The Supreme Administrative Court of Lithuania recalled that detention is an autonomous concept of EU law which does not follow national nomenclatures. The Supreme Administrative Court noted that according to article 2(h) of the recast Reception Conditions Directive, accommodation with restricted freedom of movement amounts to detention, and as such should be applied only as last resort, in accordance with Lithuanian law and caselaw from the Constitutional Court. It also reaffirmed that restrictions on freedom of movement amount to separation from the rest of the population, which constitutes detention per se, therefore enabling a review of the legality of said detention. The court also questioned the Centre’s application of an accommodation regime that has been qualified as detention in its own jurisprudence and CJEU case law (M.A. v State Border Protection Service at the Ministry of the Interior of the Republic of Lithuania, C-72/22 PPU, 30 June 2022) whilst arguing there is no ground for detention. The court concluded that refusing entry on national territory and detaining asylum applicants despite filing an application at the border and establishing their identity means that the authorities regard all asylum applicants as having entered illegally, which confirms that there is no assessment of individual circumstances when applying accelerated procedures and resolving accommodation issues.
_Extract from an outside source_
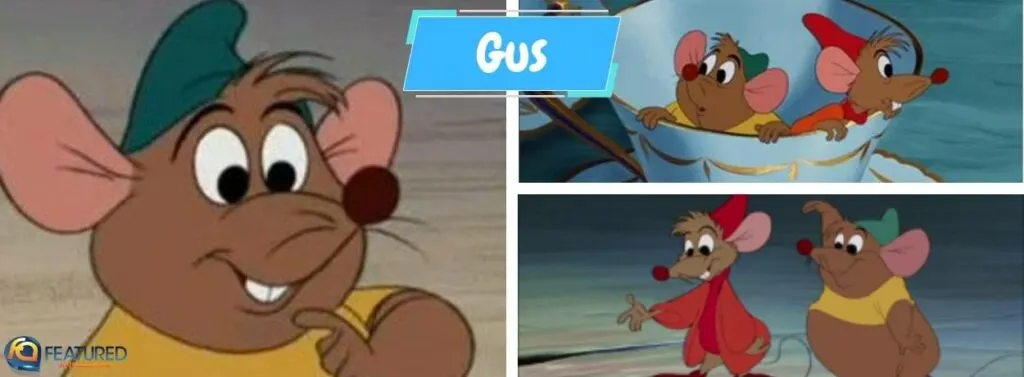 Gus in Cinderella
The court then recalled that according to previous case law, vulnerable persons and children cannot be detained, bar in exceptional circumstances.
The Supreme Administrative Court of Lithuania asserted that, in light of Lithuanian law interpreted according to the relevant Directives as well as its own and CJEU case law, there was no lack of legal basis for the application of an alternative measure to detention. Therefore, it dismissed the appeal of the Centre for the Registration of Foreigners of the State Border Guard Service under the Ministry of the Interior of the Republic of Lithuania.